Z ~ Agh! Bugger. That was decades ago now. How did it start?
And thanks, but I've since moved on to vague melancholia.
df ~ I totally didn't write shit about it! Although you've reminded me I've got to proofread some fucking letter about somesuch shit.
Looby ~ You've totally made me feel guilty now.
Claire ~ Hmm. You too now. And I've totally had Pringles for breakfast. Have you tried them fried and covered in chocolate?
Dig ~ Thanks, but where did you get the 'no condom' bit from? Just having the test? That was for peace of mind. I totally wore a sex-welly.
Anon ~ Hi, Danny.
Z ~ Hello again. Not quite 'busy', more 'dead inside'. But thank you. You've made me write something.

Jill of All Trades said...

I really hate posting comments on old posts, especially when they are depressing rants-like bacon grease gone cold and...uhm rancid-no, not that bad. But I've just discovered you, and since you haven't written anything in the last few hours, I am forced to go through the muck of your past, dig out the person you were, and try not to let the passage of time get on me as I make my way out. Because even in your stale funk of a post you are a savior of a friend, whose thoughts, fears, and explicit descriptions make me feel a little bit sane in my own uncomfortably funky present.

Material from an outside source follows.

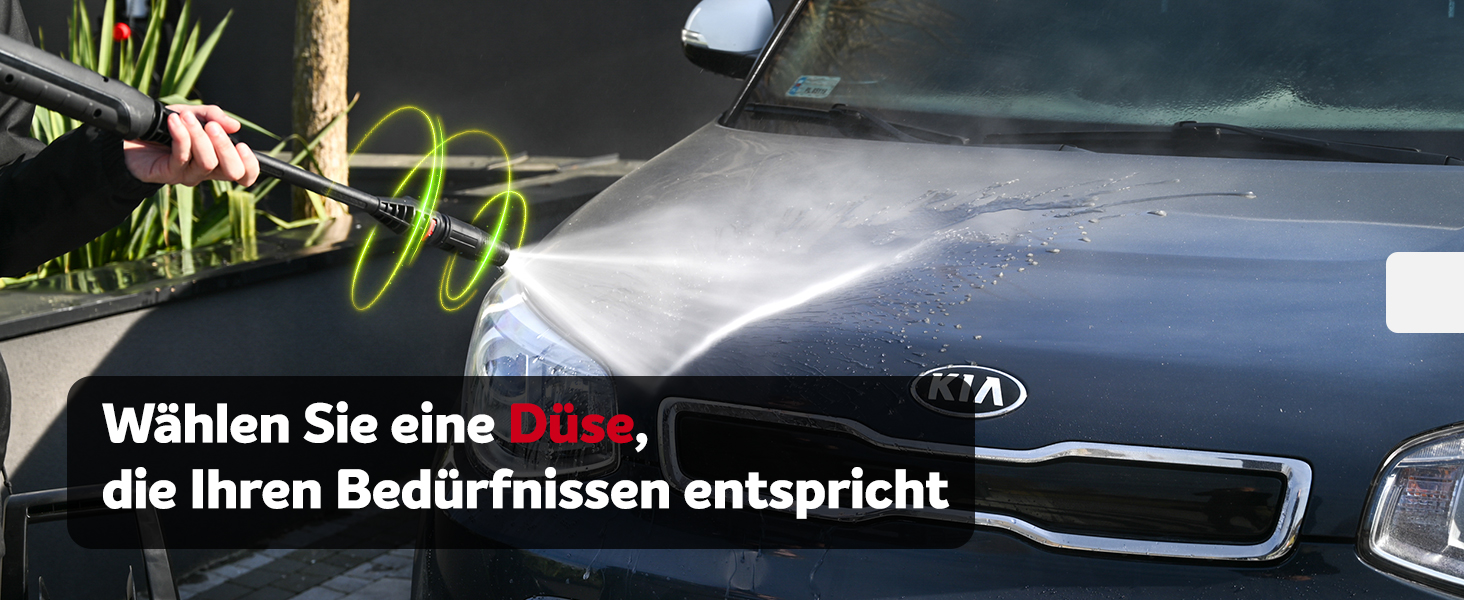 Високотискний мийник Lehmann з алюмінієвим насосом, 240 бар, 480 л/год, 2200 Вт, шланг 10м, компактний очисник площ (Missouri)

And EXCUSE me, but I've spent most of my twenty-something years saying I was going to be a writer and writing a whole lotta really awful fiction, cuz I thought it's gotta be fake in order for it to be real-well I'd say the development in the last 10 years of larger than life memoirs, auto-biographies, reality-tv shows, and-ahem- blog celebs would imply-it's gotta be real to sell-so screw the fiction and write the Truth, from what I've read so far, no one will know the difference.